On the 13th, the Providence sailed for Nootka Sound. She was followed by the Supply, which sailed on the 16th for Norfolk Island, having on board three officers of the New South Wales corps, and a detachment of the regiment to relieve those now on duty there. On the 29th the Young William, having been expeditiously cleared of her cargo, sailed for Canton.
Clearing the store-ship, which was completed on the 19th, and stowing in the public store the provisions she brought out, was the principal labour of the month. Every effort was made to collect together a sufficient number of working people to get in the ensuing harvest; and the muster and regulation respecting the servants fortunately produced some. The bricklayer and his gang were employed in repairing the column at the South Head; to do which, for want of bricks at the kiln, the little hut built formerly for Bennillong, being altogether forsaken by the natives, and tumbling down, the bricks of it were removed to the South Head. A person having undertaken to collect shells and burn them into lime, a quantity of that article was sent down; and the column, being finished with a thick coat of plaster, and whitened, was not only better guarded against the weather, but became a more conspicuous object at sea than it ever had been before.
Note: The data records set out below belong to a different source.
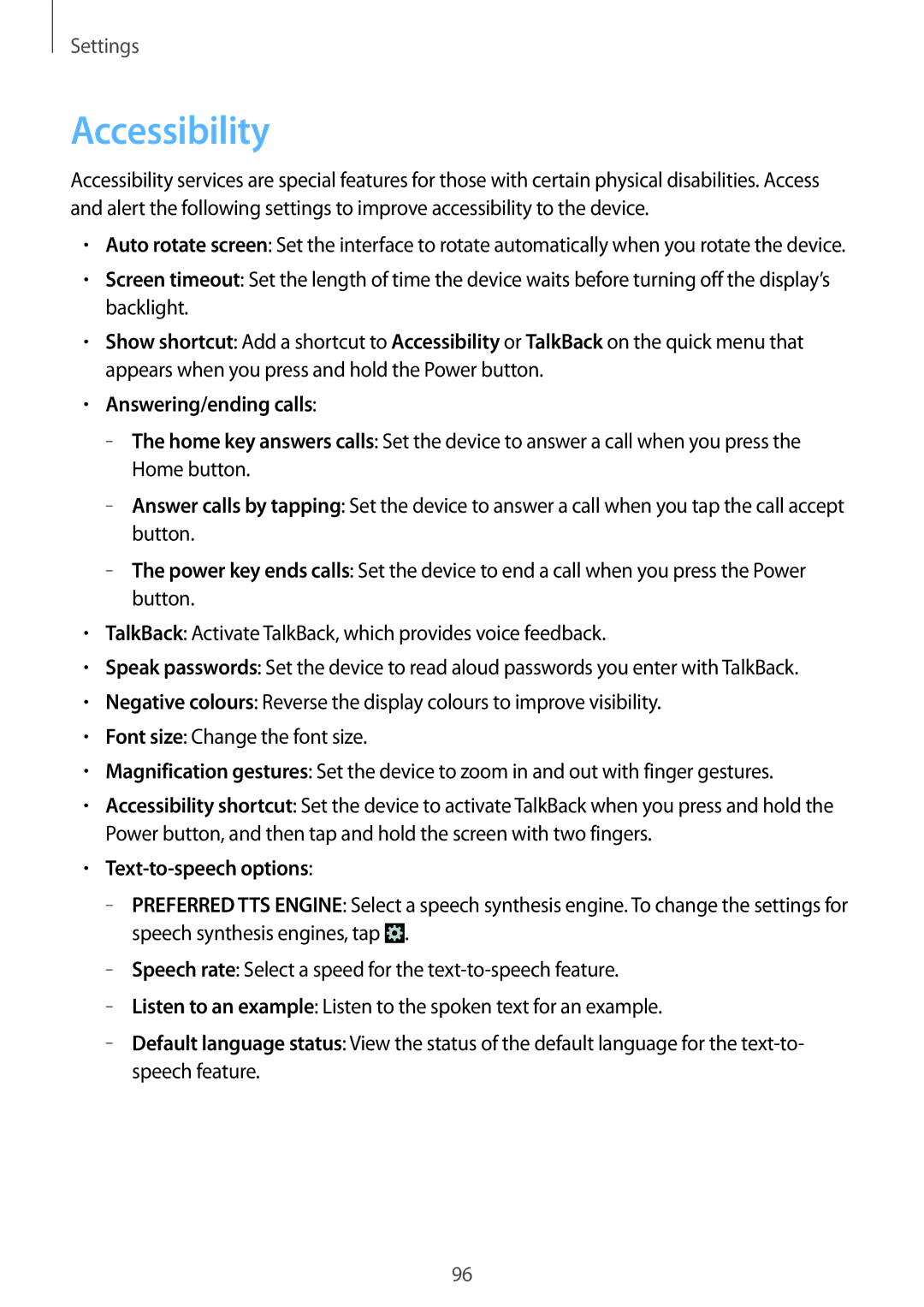 Samsung SM-G355HZKDKSA, SM-G355HZWDKSA, SM-G355HZWDXXV, SM-G355HZKDXXV manual Accessibility, Text-to-speech options 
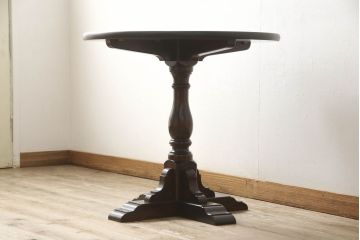 中古　松本民芸家具　品のある佇まいが魅力的な丸テーブル(コーヒーテーブル、サイドテーブル、ラウンドテーブル)(R-059594)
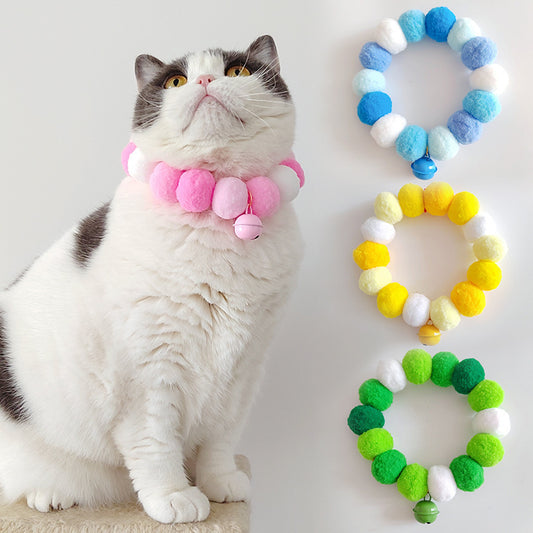 Ondaum Pet Fur Ball Collar with Bell – Stylish & Comfortable Cat Ornament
November.] On the 5th of November, the Sovereign store-ship arrived from England; her cargo a welcome one, being provisions. Like the Young William, she touched at Rio de Janeiro, and like her also had met with very bad weather after she had left that port until her arrival; from making the south cape of this country to her anchoring she had a passage of three weeks. In this ship arrived Mr. Thomas Hibbins, the deputy judge-advocate for Norfolk Island; but unfortunately without the patent under the great seal for holding the court. One settler also arrived, a Mr. Kennedy and his family (a sister and three nieces); and Mr. Joseph Gerald, a prisoner, whose present situation afforded another melancholy proof of how little profit and honor were the endowments of nature and education to him who perverted them. In this gentleman we saw, that not even elegant manners (evidently caught from good company), great abilities, and a happy mode of placing them in the best point of view, the gifts of nature matured by education, could (because he misapplied them) save him from landing an exile, to call him by no worse a name, on a barbarous shore, where the few who were civilized must pity, while they admired him. He arrived in a very weak and impaired state of health. We learned that two other ships with convicts, the Marquis Cornwallis and the Maria, might be expected to arrive in the course of this summer.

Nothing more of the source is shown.